В отделении полиции, куда его увезли от здания суда, Марков сделал фотографию, мгновенно ставшую мемом и одним из символов этих дней: полицейский в полной амуниции и балаклаве сидит под портретом президента Путина. Корреспондент Север.Реалии встретилась с фотографом на следующий день после того, как его отпустили ждать суда по административному протоколу.
Дмитрий Марков, известный фотограф-документалист и волонтер, живет в Пскове. Он снимает на айфон и выкладывает в Instagram для сотен тысяч подписчиков снимки, раскрывающие красоту и сложность обыденной, непарадной жизни в России. Марков стал первым российским фотографом, получившим грант от Getty Images и Instagram, выставки его работ проходят в Нью-Йорке и Париже. По настоящему широкую известность Дмитрию принесли съемки в документальном фильме Юрия Дудя: "Марков – как живет русская провинция".
Смотри также "Я снимаю Россию среднестатистическую". Интервью с фотографом Дмитрием Марковым– Вы специально приехали в Москву, чтобы прийти к суду?
– Нет, я уже был в Москве по своим делам. Когда был объявлен митинг 31 января в поддержку Алексея Навального, у меня был запланирован эфир в этот вечер для благотворительной организации, с которой я работаю 14 лет, со дня основания. Я просто не мог пойти, потому что понимал, что, если меня загребут, я не смогу из автозака провести этот эфир. Поэтому я остался дома. Но 2-го числа, когда было объявление приговора, я решил пойти. И поехал к суду с самого утра, в 11 часов. Меня действительно это очень волнует. Это не какая-то моя журналистская работа, а мое человеческое отношение, моя гражданская позиция.
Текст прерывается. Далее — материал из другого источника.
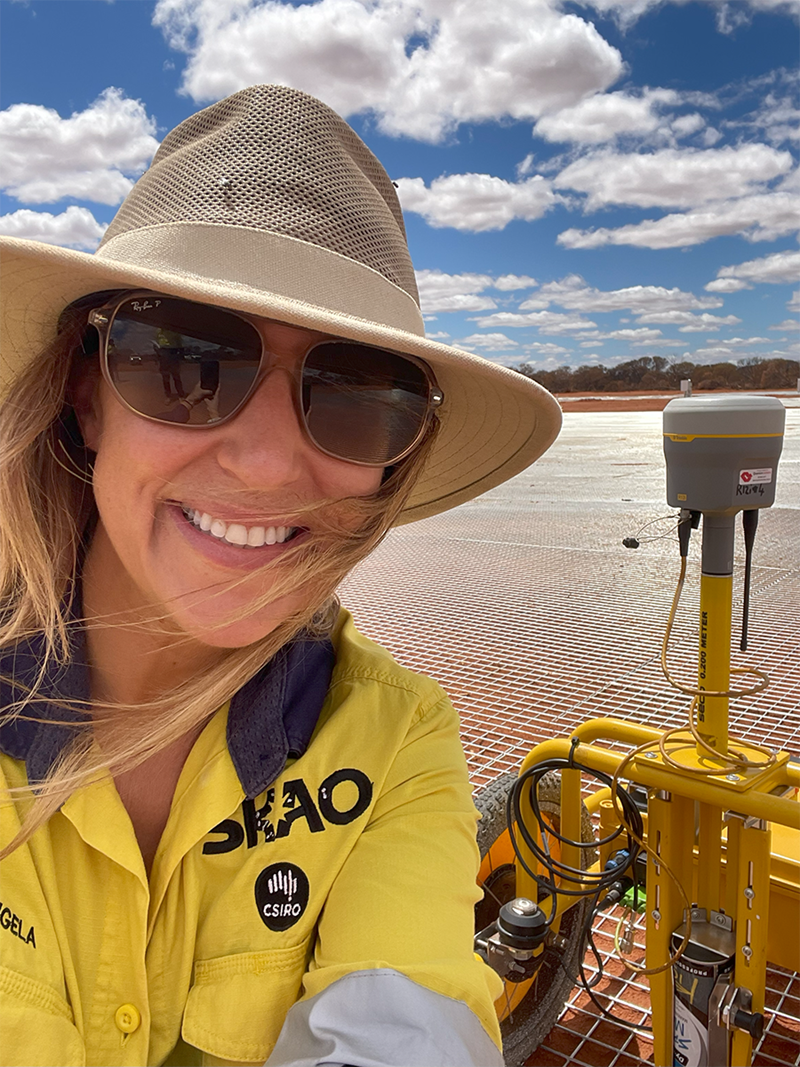 A brunette woman, Angela Teale, takes a smiling selfie wearing a yellow high-vis shirt with the SKAO and CSIRO logos on her left chest in front of a red soil and steel mesh on red Wajarri Country. Next to Angela is a small yellow robot with a tall pole holding a camera.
Можно было выйти, но я чувствовал, что мне важно пройти всю эту историю как обычному человеку, каких было там большинство
Я специально оставил удостоверение дома, чтобы не иметь никаких преференций по сравнению с людьми, которые вышли. Когда нас привезли в отделение и всех посадили, начали оформлять, в какой-то момент полицейский говорит: "Стоп, стоп, а есть у нас тут иностранцы или журналисты?" И я отмолчался. То есть я понимал, что, в принципе, можно было выйти, но я чувствовал, что мне важно пройти всю эту историю как обычному человеку, каких было там большинство.
– Что вы успели увидеть до того, как вас забрали?
Народ был набит, как шпроты в банке
– Да ничего я не успел увидеть. Вокруг суда была воронка из оцепления, и подойти нельзя было ни с какой стороны. Я пытался обойти, минут двадцать плутал. На основной дороге, которая к суду вела, стояла группа, человек десять, и я вместе с ними встал, закурил. И, собственно, постоял я там минуты четыре. От оцепления отделилась группа "космонавтов" (надо сказать, все вежливо было), они подошли: "Пройдемте" – меня просто из толпы выцепили. Мы пошли к автозаку. Возле автозака один "космонавт" другому говорит: "Так троих надо было взять, а не одного!" А меня уже погрузили внутрь. Там я вспомнил себя в мытищинской электричке в начале нулевых: когда я ездил на учебу, то садился в Пушкино, в 8 утра ты в тамбуре стоишь, и можно было ноги поджать – и ты бы не упал, потому что тебя со всех сторон подпирают. Здесь реально было то же самое, народ был набит, как шпроты в банке.
– И долго вы так простояли?
– Да нет, недолго, полчаса или минут 40. После меня как раз тех двух счастливчиков еще привели, которых надо было добрать.
А те думали, что просто объяснят: "Товарищ майор, произошла чудовищная ошибка, у нас и пропуска, вот у нас это…"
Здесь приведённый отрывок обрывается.